All population means are equal — the independent variable has no effect on the dependent variable.
Alternative hypothesis (H₁):
At least one population mean differs from the others.
ImportantH₁ does not specify which groups differ
A significant F-test only tells you that somewhere among the groups there is a difference — it does not identify which group pairs are responsible. Post hoc tests (see below) are required to answer that more specific question[4,11].
14.5.3 Worked example: One-way ANOVA
Using the VO₂max training study described above, the steps to conduct a one-way ANOVA are:
Step 1: State hypotheses
H₀: μ_endurance = μ_resistance = μ_control (training group has no effect on VO₂max)
H₁: At least one training group mean differs
α = .05
Step 2: Check assumptions
Before running the ANOVA, verify that independence, normality, and homogeneity of variance are met (see the Assumptions section below and the SPSS tutorial).
Step 3: Run the ANOVA in SPSS
(See the SPSS Tutorial: One-Way ANOVA for a full walkthrough of the SPSS procedure, output tables, and interpretation steps.)
Step 4: Interpret the source table output
Suppose SPSS produces the following:
Source
SS
df
MS
F
p
Between groups
1,248.6
2
624.3
14.87
< .001
Within groups
2,391.4
57
41.95
Total
3,640.0
59
With F(2, 57) = 14.87, p < .001, we reject H₀ and conclude that VO₂max differs significantly across at least two of the three training groups. Post hoc tests are then needed to identify which specific pairs differ.
Step 5: Compute and report effect size
\(\eta^2 = SS_{\text{between}} / SS_{\text{total}} = 1248.6 / 3640.0 = .343\), indicating a large effect — approximately 34% of the total variance in VO₂max is accounted for by training group assignment[8].
Interpretation
A one-way ANOVA revealed a significant effect of training group on VO₂max, F(2, 57) = 14.87, p < .001, η² = .34. This indicates that at least one training group’s mean VO₂max differed meaningfully from the others. Post hoc comparisons are needed to identify the source of this difference.
14.6 Assumptions of one-way ANOVA
One-way ANOVA rests on three key assumptions[2–4]:
Independence of observations: Scores from different participants are independent. This is ensured by research design (random assignment, no repeated measures). Violations produce serious errors that cannot be corrected statistically.
Normality: The dependent variable is approximately normally distributed within each group. With larger samples (n ≥ 30 per group), ANOVA is robust to moderate departures from normality due to the Central Limit Theorem[12,13].

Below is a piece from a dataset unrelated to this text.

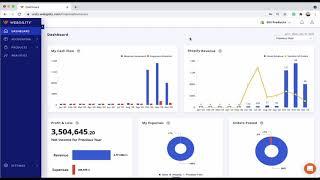 Webgility Profitability Dashboard - See Business Critical Ecommerce Metrics in One Place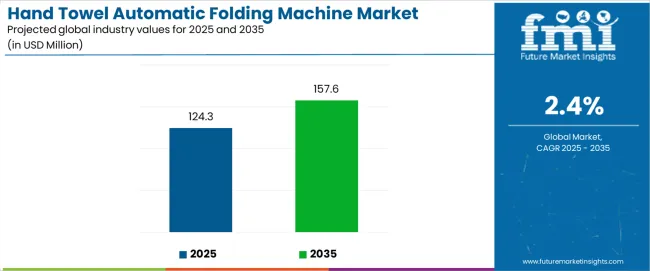 Hand Towel Automatic Folding Machine Market Industry Value Analysis Hand Towel Automatic Folding Machine Market Industry Value Analysis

Homogeneity of variance: Population variances are approximately equal across all groups. This assumption can be tested formally and, when violated, robust alternatives exist.
14.6.1 Checking normality
Normality should be evaluated within each group separately, not across the entire sample pooled together. The most informative initial step is visual inspection: histograms and normal Q-Q plots for each group reveal the shape of the distribution, the presence of extreme outliers, and any floor or ceiling effects that might indicate a non-normal distribution[4]. Q-Q plots are especially useful because departures from normality appear as systematic deviations from a straight diagonal line, making moderate skewness or heavy tails easy to spot even with modest sample sizes.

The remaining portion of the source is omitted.